— Source material —
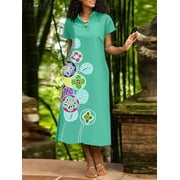 ZANZEA Women Flower Print Dress Vintage Cheongsam Sundress 2024 Summer Retro V-neck Short Sleeve Long Robe Fashion Loose Vestido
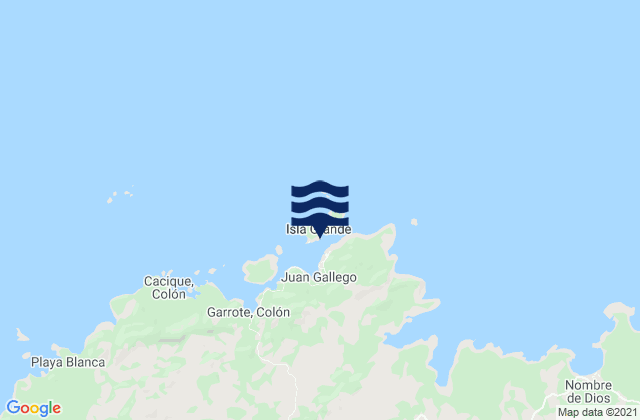 Mapa da tábua de marés em Isla Grande, Panama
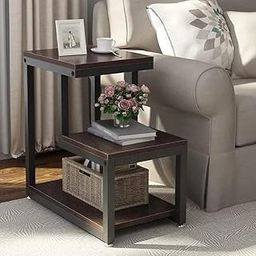 3 Tier Sofa Side Table, Modern Coffee Table Nightstands with Metal Frame and White MDF Desktop for Living Room Bed Room Decor (Brown Black)-picture-4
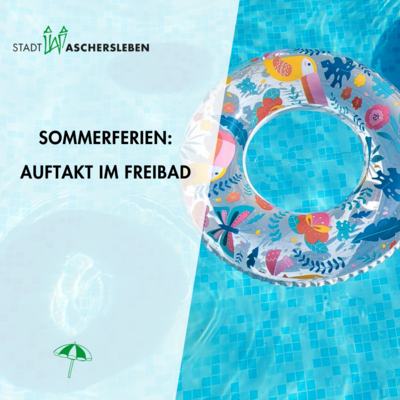 Bild vergrößern: Imagebild zu Ferienauftakt im Freibad - Schwimmring im Wasser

— Work required —
Leave the pictures out and please restate exactly the lines running from the start of the material through the one with "3 Tier Sofa".

— Solution to this exercise —
 ZANZEA Women Flower Print Dress Vintage Cheongsam Sundress 2024 Summer Retro V-neck Short Sleeve Long Robe Fashion Loose Vestido
 Mapa da tábua de marés em Isla Grande, Panama
 3 Tier Sofa Side Table, Modern Coffee Table Nightstands with Metal Frame and White MDF Desktop for Living Room Bed Room Decor (Brown Black)-picture-4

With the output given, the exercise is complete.